Trying to understand the difference between observability, telemetry, and monitoring can be a big ask. However, learning this distinction will help you in evaluating your options and cutting through the confusion in the observability landscape.
Observability vs. telemetry vs. monitoring
Are these all the same? No, they are not. It’s easy to get confused, though, since they’re all linked to each other. Observability is a continuous process of analysis, telemetry is the data that feeds into that analysis, and monitoring is a specific task in the observability process. Let’s go through some quick definitions before we dive into the details.
Observability
Observability is a continuous process of analyzing and understanding software systems. It relies on telemetry data (such as logs, metrics, traces, profiles, and events) and analysis tools, such as Honeycomb. Observability workflows are how you use these tools and data to solve problems in production, understand the customer experience, and discover the contributing factors to an incident.
Telemetry
Telemetry is a type of data generated by systems. You’re probably familiar with the most common types already—application logs and system metrics. Telemetry is not limited to these signals, though! Systems can generate a variety of structured or unstructured events, like traces that show the relationship between services in a request, or user interactions with a web application.
Monitoring
Monitoring is the act of actively or passively paying attention to some observability signal. This can be as straightforward as setting up an alert that tells you when your site is offline, to as complex as an org-wide dashboard that consolidates many measurements of business and system performance into a variety of Service Level Objectives (SLOs).
What is observability?
Observability is a process of understanding what’s going on in your system, and how it relates to your organization, business, or team. It’s the result of a combination of many factors:
- Your ability to ingest and query over wide quantities of structured data
- The ability for your systems and applications to emit a wide variety of semantically accurate telemetry
- Your organization’s ability to respond to and manage change
It’s a big topic, and it’s no surprise that there are many different definitions.

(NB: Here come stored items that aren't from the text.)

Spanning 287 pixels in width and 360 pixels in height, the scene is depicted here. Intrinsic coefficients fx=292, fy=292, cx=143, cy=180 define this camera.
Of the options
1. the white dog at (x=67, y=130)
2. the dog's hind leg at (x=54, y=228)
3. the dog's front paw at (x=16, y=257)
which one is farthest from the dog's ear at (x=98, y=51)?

Often, you’ll hear observability referred to as having three pillars: logs, metrics, and traces. While it is true that observability relies on a variety of telemetry signals, telemetry is not observability. Having this data is necessary, but not sufficient for observability. These signals are important because they’re types of semantic telemetry. They include metadata that helps you understand how they should be used:
- A metric contains information about what it measures and how it’s recorded.

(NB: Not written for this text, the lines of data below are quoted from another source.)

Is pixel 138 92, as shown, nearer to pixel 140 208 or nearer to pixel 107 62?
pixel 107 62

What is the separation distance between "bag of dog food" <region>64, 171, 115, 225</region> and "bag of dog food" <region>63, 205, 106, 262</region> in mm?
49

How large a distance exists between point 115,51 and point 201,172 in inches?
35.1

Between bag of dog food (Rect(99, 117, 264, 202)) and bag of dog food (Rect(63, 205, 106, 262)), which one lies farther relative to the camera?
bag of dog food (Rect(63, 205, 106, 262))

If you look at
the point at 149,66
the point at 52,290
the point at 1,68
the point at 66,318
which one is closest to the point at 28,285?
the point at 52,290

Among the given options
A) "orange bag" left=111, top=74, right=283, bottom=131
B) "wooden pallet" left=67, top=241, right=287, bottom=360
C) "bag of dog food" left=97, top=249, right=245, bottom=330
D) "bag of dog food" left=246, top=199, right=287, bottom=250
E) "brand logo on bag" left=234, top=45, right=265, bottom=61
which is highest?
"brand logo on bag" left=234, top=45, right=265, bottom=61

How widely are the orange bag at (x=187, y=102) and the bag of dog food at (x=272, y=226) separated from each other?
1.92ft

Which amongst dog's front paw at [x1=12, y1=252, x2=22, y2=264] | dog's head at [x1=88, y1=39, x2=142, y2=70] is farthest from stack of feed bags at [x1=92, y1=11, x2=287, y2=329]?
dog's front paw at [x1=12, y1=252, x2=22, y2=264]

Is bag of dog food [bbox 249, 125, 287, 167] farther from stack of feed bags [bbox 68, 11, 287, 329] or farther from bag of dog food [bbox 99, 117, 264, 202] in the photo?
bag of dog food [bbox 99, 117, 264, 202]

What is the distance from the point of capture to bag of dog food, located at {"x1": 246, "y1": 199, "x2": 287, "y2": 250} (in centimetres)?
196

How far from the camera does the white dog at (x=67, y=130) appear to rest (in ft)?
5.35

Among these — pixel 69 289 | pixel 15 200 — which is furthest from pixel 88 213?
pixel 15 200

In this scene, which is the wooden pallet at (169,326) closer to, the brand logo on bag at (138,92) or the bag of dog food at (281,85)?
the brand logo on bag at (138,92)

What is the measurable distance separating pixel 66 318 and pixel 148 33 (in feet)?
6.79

- Traces give you rich context from your application, showing you exactly what resources are used in a transaction.
- Logs, when properly structured, are invaluable at recording events that occur in the operation of your system.
The key value of observability isn’t in the data, it’s what you do with it. As an industry, we have spent too long arguing that observability is simply the ability to parse through gigabytes of JSON in order to find a needle in the haystack. Our customers, and our organizations, need more.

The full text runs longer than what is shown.